§ Try it: Copy word for word the lines in the records below, starting at the line with "I'm on Huangjiaping, which" and ending at the line with "An adjustable tilt". Skip the pictures.

BEGIN Recorded information

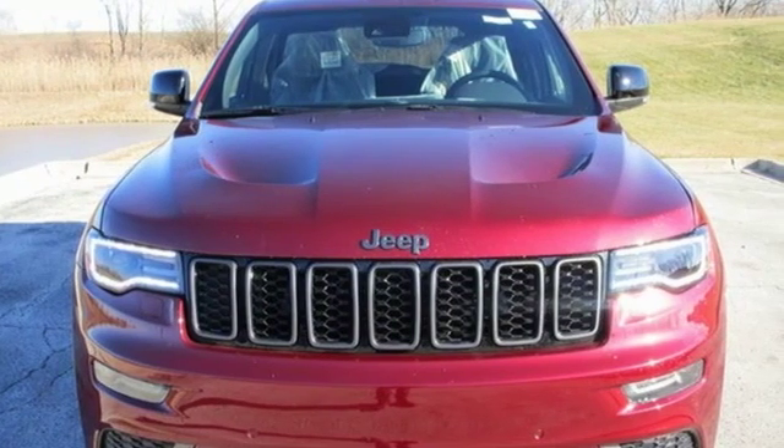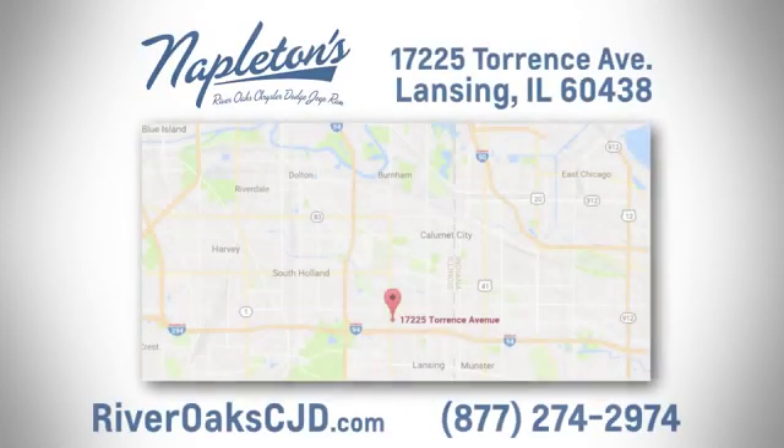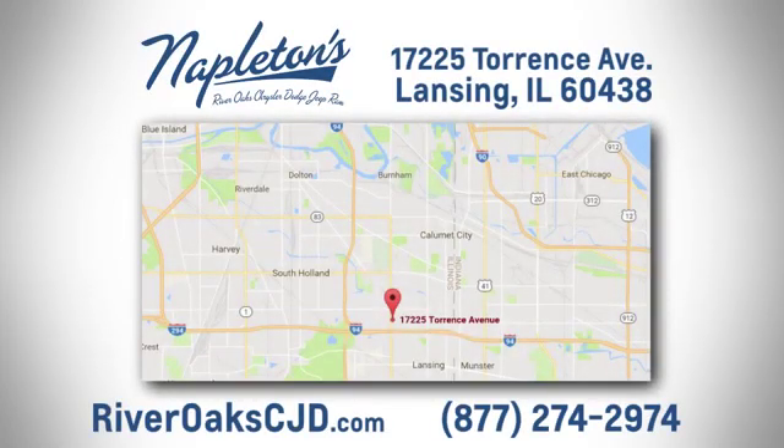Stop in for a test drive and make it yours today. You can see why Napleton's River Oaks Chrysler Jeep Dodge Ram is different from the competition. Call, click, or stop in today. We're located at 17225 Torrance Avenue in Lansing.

END Recorded information
BEGIN Recorded information

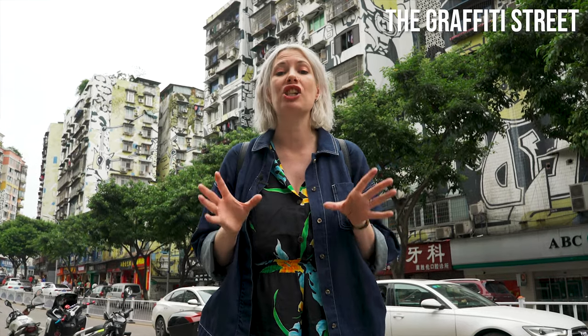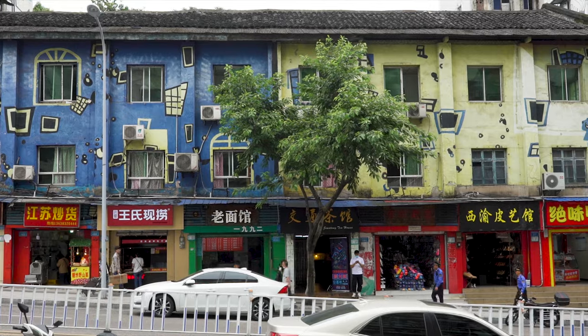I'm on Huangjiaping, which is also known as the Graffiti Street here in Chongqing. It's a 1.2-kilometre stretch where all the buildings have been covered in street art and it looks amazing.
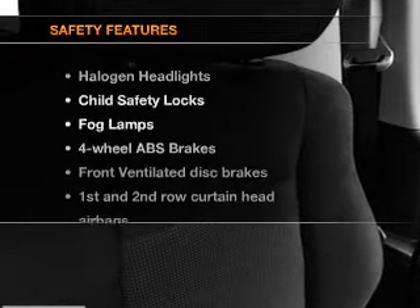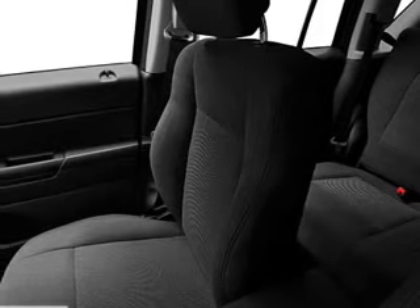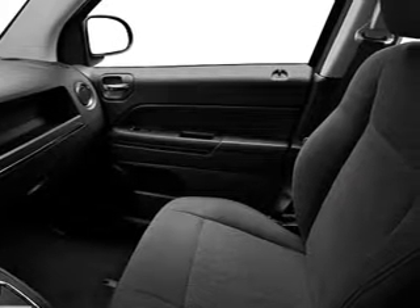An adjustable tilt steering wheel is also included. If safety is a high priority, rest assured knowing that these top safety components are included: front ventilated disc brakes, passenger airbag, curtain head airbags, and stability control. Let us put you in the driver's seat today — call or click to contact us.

END Recorded information
BEGIN Recorded information

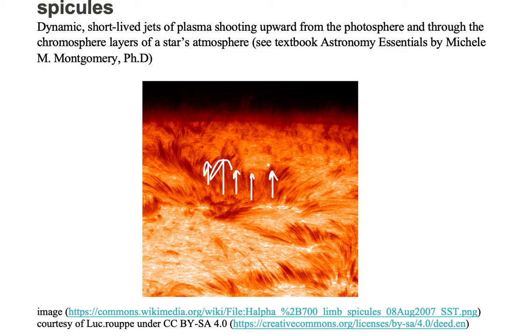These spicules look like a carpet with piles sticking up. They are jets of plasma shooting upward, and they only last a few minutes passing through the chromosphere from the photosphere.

END Recorded information

§ Exercise response:
I'm on Huangjiaping, which is also known as the Graffiti Street here in Chongqing. It's a 1.2-kilometre stretch where all the buildings have been covered in street art and it looks amazing.
An adjustable tilt steering wheel is also included. If safety is a high priority, rest assured knowing that these top safety components are included: front ventilated disc brakes, passenger airbag, curtain head airbags, and stability control. Let us put you in the driver's seat today — call or click to contact us.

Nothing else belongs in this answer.